Looking for tips on getting public school support for your dyslexic child? Check out our 10 Quick Tips for dyslexia special education in public schools.
Parents must give informed consent for a school to evaluate a child. Parents can also withdraw, contest, or disagree with recommendations.
While you want what is best for your child, the school is legally required to provide what is appropriate.
Under the law, your child has the right to a free and appropriate education, according to an individual’s needs.
Students who receive special services should be taught with students who do not require accommodations when appropriate (least restrictive environment).
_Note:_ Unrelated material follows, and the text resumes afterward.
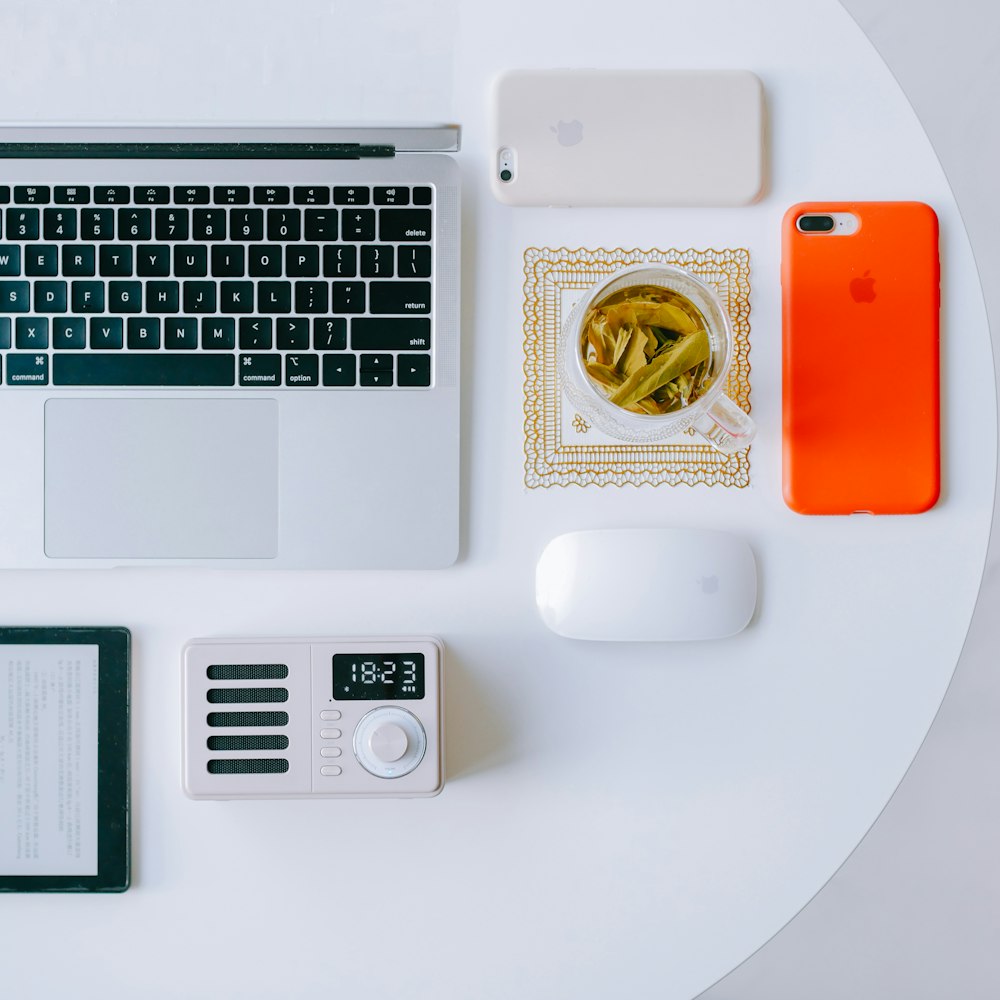 white and black laptop computer beside white ceramic mug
They should not be pulled out of general education classrooms for inclusion in special education classrooms when easily implementable accommodations can be provided.
The law considers most students with disabilities as being able to meet the standards of those students without disabilities.
Use specific language and don’t be vague. Educate yourself so you can speak directly to the struggles your child is having.
Encourage cooperation. You, as the parent, and the school ultimately want your child to succeed. Be assertive but not aggressive.
Ask for everything in writing. Any objections you make, requests from the school, and/or communications about your child’s academics, behaviors, or accommodations should be documented in writing and include dates.
You have the right to take notes or bring someone to take notes during meetings with the school.
Do NOT wait if you think your child has an issue that is impacting his/her learning. Identify and refer immediately. There is no worst case scenario in being proactive.
Finally, special education services are designed to be free, meet the individual needs of the student, are designed to allow the child to make meaningful progress from grade to grade, and provide an appropriate educational setting for your child.